High Availability and Failure Domains

This page describes a practical active/backup model for LibreQoS.

Scope and Assumptions

This page covers LibreQoS high availability as an active/backup design.
Failover should be controlled by dynamic routing (for example OSPF or BGP).
Hardware and router vendors are intentionally not prescribed.
Insight-specific high availability guidance is out of scope for this page.

Active/Backup HA Model

One path is active (preferred), and one path is backup (standby). Routing policy controls path selection and failover.

        stateDiagram-v2
    [*] --> PrimaryActive
    PrimaryActive: Primary path preferred (cost 1)
    PrimaryActive --> FailoverConverging: Primary failure detected
    FailoverConverging --> BackupActive: Routing converged to backup (cost 100)
    BackupActive --> RecoveryValidation: Primary repaired
    RecoveryValidation --> PrimaryActive: Preference restored and stable

OSPF Example (Primary Cost 1, Backup Cost 100)

Use OSPF interface cost to prefer the active path.

Primary LibreQoS path: ip ospf cost 1
Backup LibreQoS path: ip ospf cost 100

Conceptual result:

Normal state: traffic uses the primary path because cost 1 is lower than 100.
Failure state: if the primary path/router goes down, OSPF converges and traffic uses the backup path.
Recovery state: after the primary is healthy again, traffic returns to primary based on lower cost.

Example policy intent:

Keep both paths up and routable at all times.
Ensure backup has enough capacity for expected peak load.
Test failover and failback during maintenance windows.

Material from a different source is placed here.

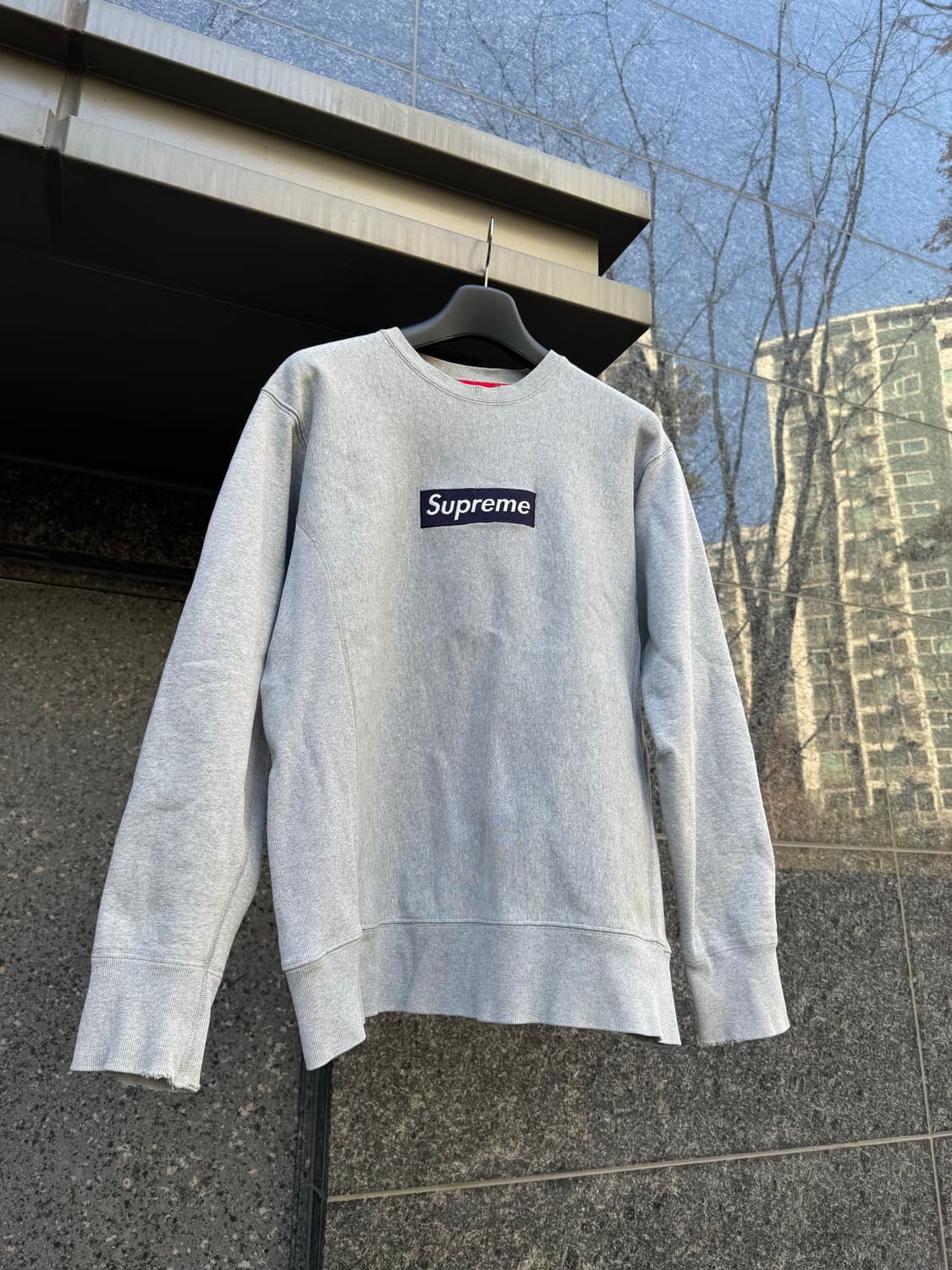 00s 슈프림 박스로고 스웻 그레이 네이비 상품이미지1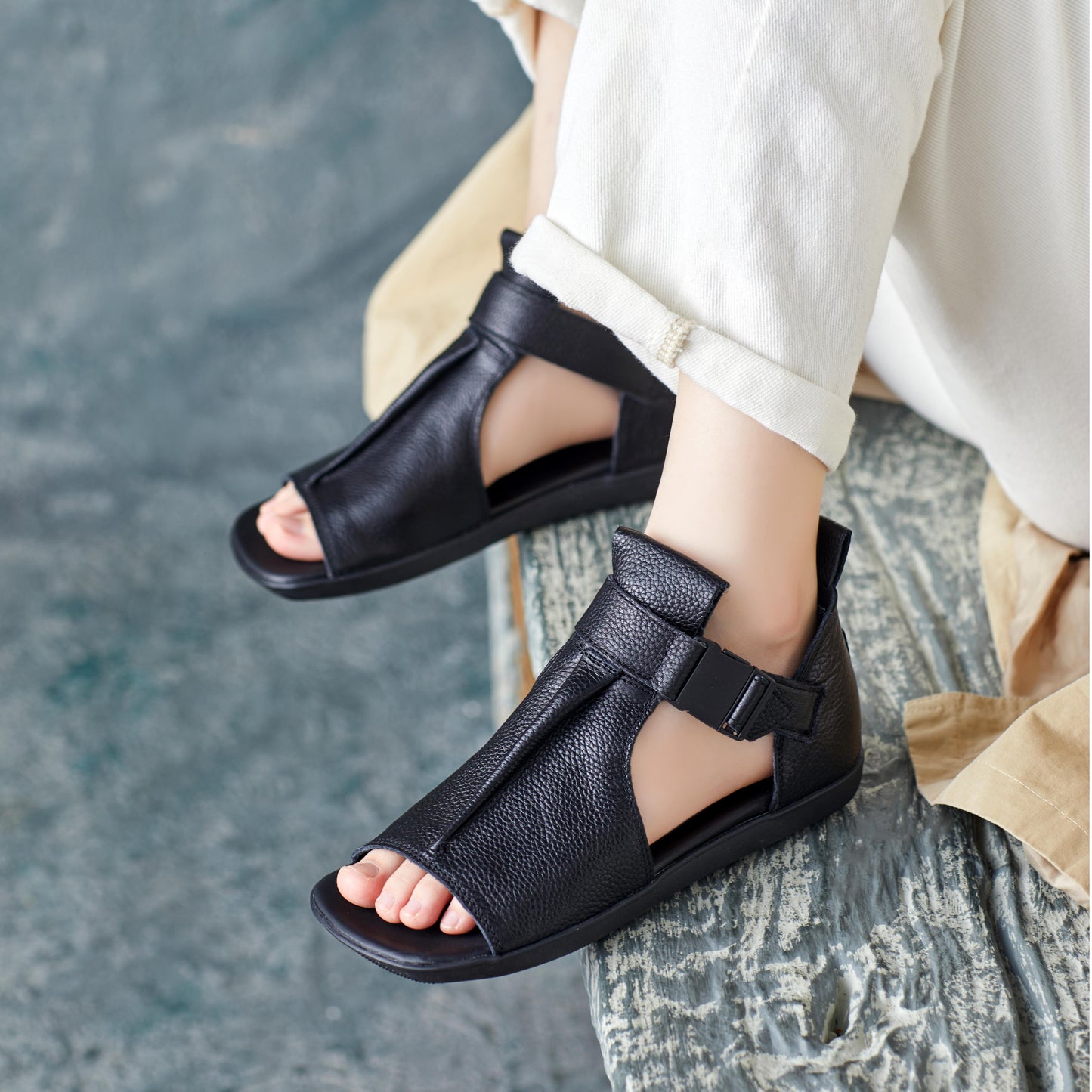 Women's Handmade Leather Open Toe Ankle Sandals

BGP Equivalent (If You Use BGP Instead of OSPF)

If you run BGP, use standard preference controls to make one path primary and one backup (for example local preference, MED, or AS path prepending based on your design). Keep policy deterministic and documented.

Recovery and Failback (Conceptual Runbook)

Confirm whether failover occurred (routing table/path checks).
Verify customer traffic is flowing on backup path.
Repair the failed primary path.
Validate primary path health.
Return route preference to normal (primary preferred).
Verify traffic has returned to primary and performance is stable.

Planned Maintenance (Conceptual Procedure)

Announce window and success criteria.
Confirm backup path health and capacity.
Shift traffic to backup using routing policy.
Perform maintenance on former active path.
Validate repaired path.
Optionally return traffic to normal active state.
Close window with post-change validation notes.

HA Readiness Checklist

Dynamic routing is deployed and documented.
Active/backup preferences are explicit and tested.
Monitoring and alerting cover both paths and key dependencies.
On-call runbook includes failover and failback steps.
Regular drill cadence exists (for example quarterly failover tests).
Capacity on backup path is validated for realistic peak load.

Known Limits

High availability depends on surrounding network design quality.
Dynamic routing convergence is not zero-time.
Misconfigured policy can cause asymmetric or unstable failover behavior.
HA does not replace backups or operational discipline.